- [What you should do]: Give the listing back in full, exactly as written, with the pictures removed.

- [Data extract]:
=== Section Start ===

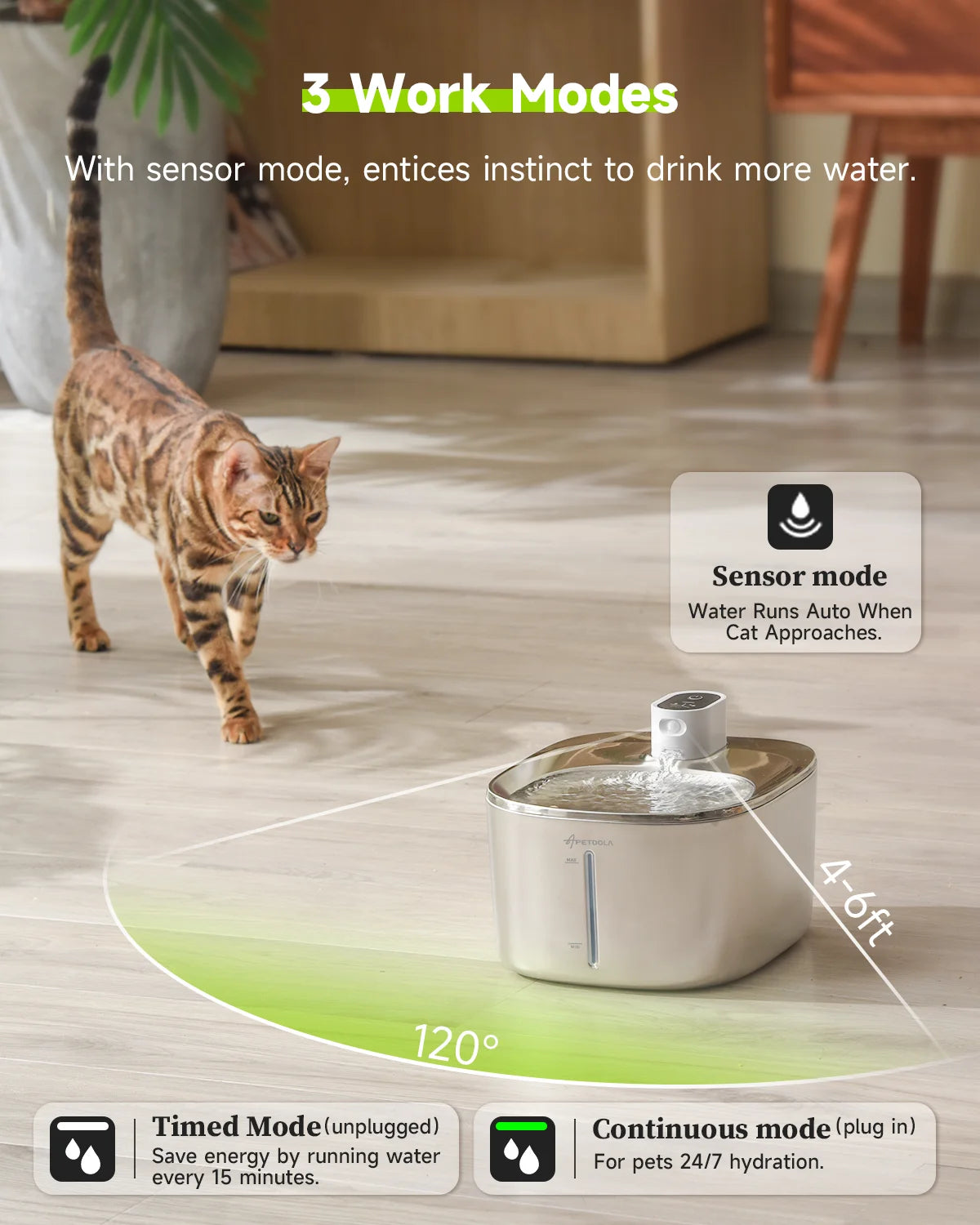 HydraPet Automatic Pet Fountain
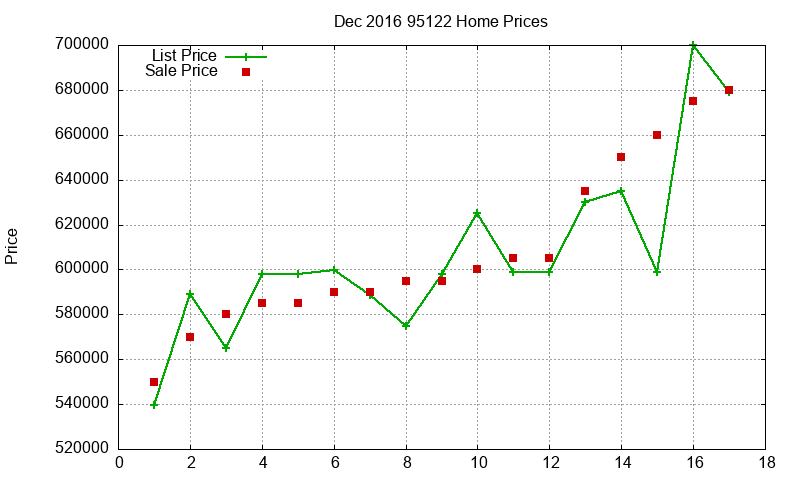 95122 Homes Just Sold 2016-12 95122 Homes Just Sold 2016-12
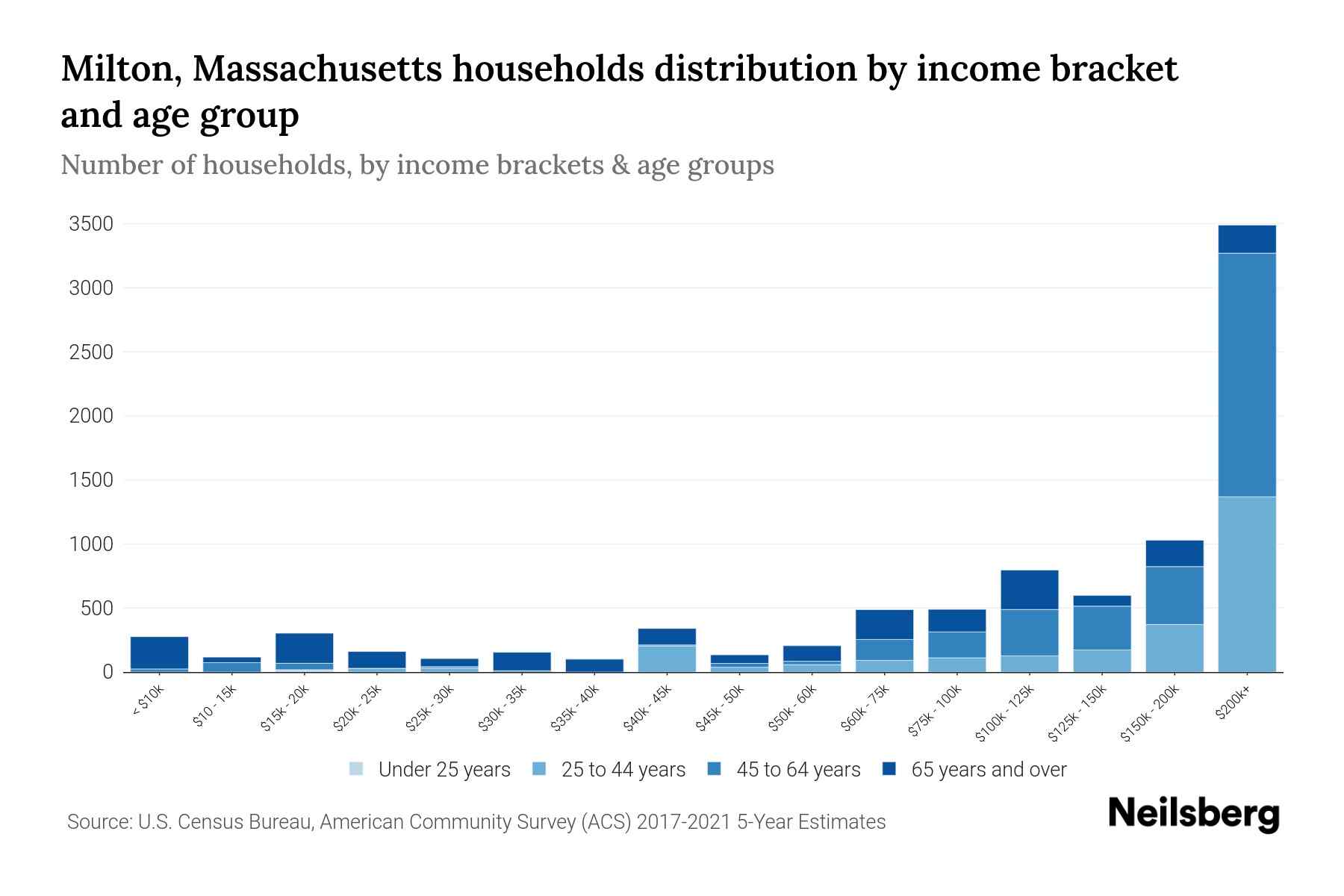 Milton, Massachusetts Median Household By Age 2023 Neilsberg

=== Section End ===

- [The completed task]:
 HydraPet Automatic Pet Fountain
 95122 Homes Just Sold 2016-12 95122 Homes Just Sold 2016-12
 Milton, Massachusetts Median Household By Age 2023 Neilsberg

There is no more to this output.